Nine gates. The point is not to pass them all easily - it is to fail honestly and early.

Note

Notice how few of these nine gates are about statistics. Gates one through three and six through nine are market plumbing, borrow, margin, operations, and tax - the off-page costs that never appear in a price series and that quietly decided every verdict in the scorecard. The cointegration test you spent six chapters mastering is, at most, a poorer cousin of gate four. The edge is won or lost in the boring gates.

Run the engine yourself

None of this is meant to be taken on faith. The entire research engine is open for you to run, break, and modify. The companion Jupyter notebooks in the Statistical Arbitrage folder of the OpenAlgo Tutorials repository are self-contained and reproduce every number in this course on real NSE closes. 00b is the research-to-real bridge and this checklist. 02 through 06 build stationarity, cointegration, pair-finding, and the signal. 07 is the brutal reality check. 08 is the Kalman that lost. 09 the Johansen baskets. 10 the cross-sectional book that inverted. 11 risk and portfolio construction. 12 the honest validation. And 13 the implementation pathways. Change the pair, change the window, change the cost assumption, and watch the verdict move. That movement is the lesson: a result that flips when you nudge a window was never a result.
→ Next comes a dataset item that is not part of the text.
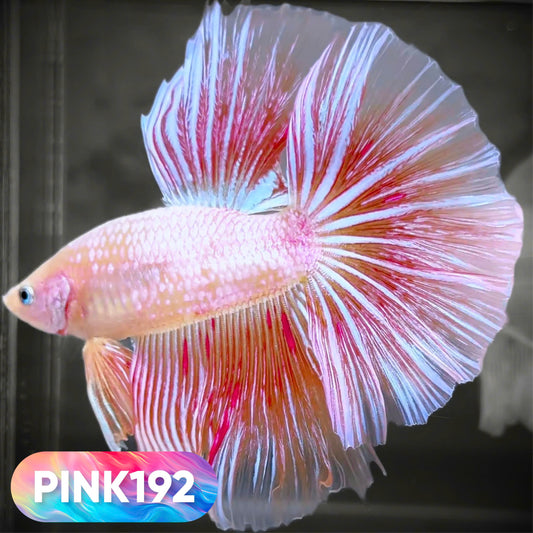 Pink Halfmoon Male Betta Fish | You Pick Fish | Order Directly From Farm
Strip away every flattering layer and one curve is left: the flagship pair, net of realistic costs, out of sample, with every drawdown intact. It is the only line that matches money you could actually have kept. It is the one an honest researcher leads with, not the one a brochure crops out.

The chart you may not hide: the flagship pair net, out-of-sample, drawdowns and all chart — EX 3The chart you may not hide: the flagship pair net, out-of-sample, drawdowns and allRISKch17/r_12_the_chart_you_are_not_allowed_to_hide_th.py

Where this breaks

Even this summary is provisional, and the honest caveats are the same ones that have shadowed every chapter.

Every number is specific to this window. Different universes, windows, and cost models give different verdicts. The scorecard is a faithful account of one decade of NSE data, not a law of markets. Re-run it on yours.
The short leg is still assumed. The whole course shorts freely on equity closes. Real implementation needs a futures, SLB, or intraday vehicle, each with basis, roll, borrow, margin, and ban risk the backtests never paid for.
Survivorship flatters all of it. The universe is today's index members looking back. The pairs that merged or delisted never entered the search, so even the humbling numbers are the flattering version.
The survivor is marginal, not safe. The risk-managed book's out-of-sample Sharpe near 0.43 is the best honest result in the course, and it is still thin, cost-sensitive, borrow-dependent, and one regime shift from breaking. A small allocation, watched closely, with a kill switch - not a livelihood.
Crowding makes the edge a shared one. Thousands of desks run the same screens. Being market-neutral to the index is not the same as being neutral to other arbitrageurs deleveraging into you.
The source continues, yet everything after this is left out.